Justin's girlfriend Ariana is a supermodel, and with the new people she's been hanging out with, she's become stuck up and has been neglecting Justin. He's resorted to being kind of emo, cutting himself and screaming in private. Ariana's best friend Maria has also been neglected, and they've been trying to brave the worst of her. They're afraid of her wrath if they unfriend her.

~Jayfeather4life should know why I wrote each part, we know the lyrics. Don't worry, I'm not depressed. I just wanted to write something.

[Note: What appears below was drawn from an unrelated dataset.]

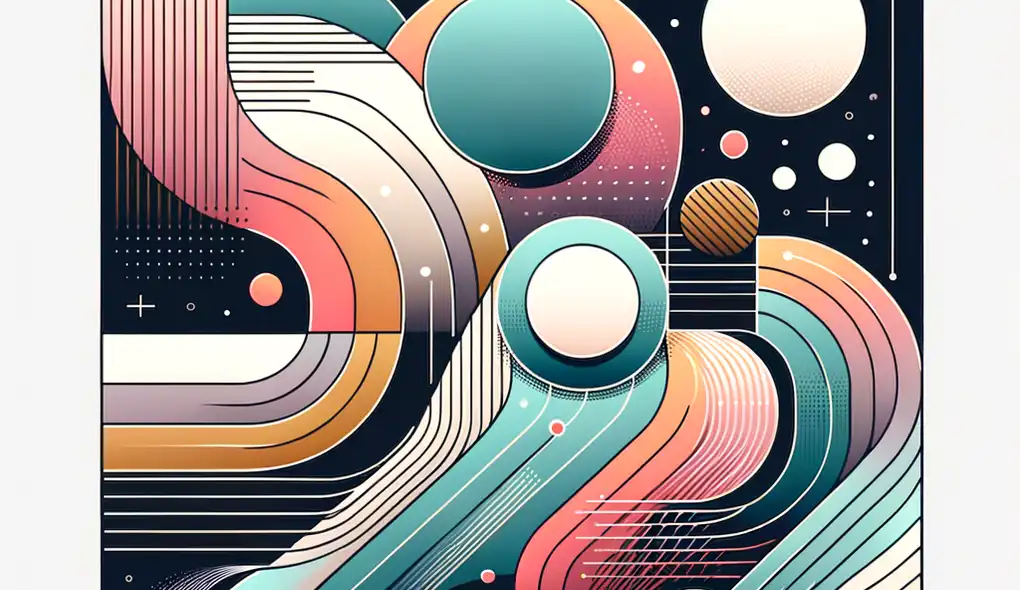 Ace the Interview: Tactics for Brand Development Director Positions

I never took you for a trick but, sometimes,
I don't know what you want.
I can take it if you need to, take this,
Out on someone...

That little thing/b**** with her head held, so high,
Talking tough/s*** when I,
Cut myself so I could feel something, I,
Know is not a lie.

That one stings, a little.
I'm always in the middle.
Don't expect, but try me,
And you will always find me here.
This is where I scream from...!

Yeah, you can take it all away and I'll miss,
There's a little bit of you in all this.
You can say it all, you think you know,
Yeah
Please, there's a better bit of me to see, yet,
Cause you haven't seen any of my best.
You know I hate myself without you now,
Yeah

Hurts the same when noboby knows.
Guess that's just it goes, and I
I won't say anything at all.

I was talking on a dollar sign, anxious,
Scared of what you need.
Everybody wants a piece of you,
Every, one takes a piece of me

That one stings, a little.
I'm always in the middle.
Don't expect, but try me,
And you will always find me here.
This is where I scream from...!

Yeah, you can take it all away and I'll miss,
There's a little bit of you in all this.
You can say it all, you think you know,
Yeah
Please, there's a better bit of me to see, yet,
Cause you haven't seen any of my best.
You know I hate myself without you now,
Yeah

Hurts the same when noboby knows.
Guess that''s just it goes, and I
I won't say anything at all.

Ah, ee, ah, ee, ah ee ai...

This is the hook,
Take it like you took,
I'm shaking like I shook before...
Never ever getting better off,
And I can only watch,
This is where I stopped before.
Not another piece of me.
I always slip away from...
I always slip away from...

I won't say anything but...

Yeah, you can take it all away and I'll miss,
There's a little bit of you in all this.
You can say it all, you think you know,
Yeah
Please, there's a better bit of me to see, yet,
Cause you haven't seen any of my best.
You know I hate... myself...

Hurts the same when noboby knows.
Guess that''s just it goes, and I
I won't say anything at all.
I won't say anything at all,
I won't say anything at all...

Want critique, but though it wasn't proper to enable it because it wasn't completely original.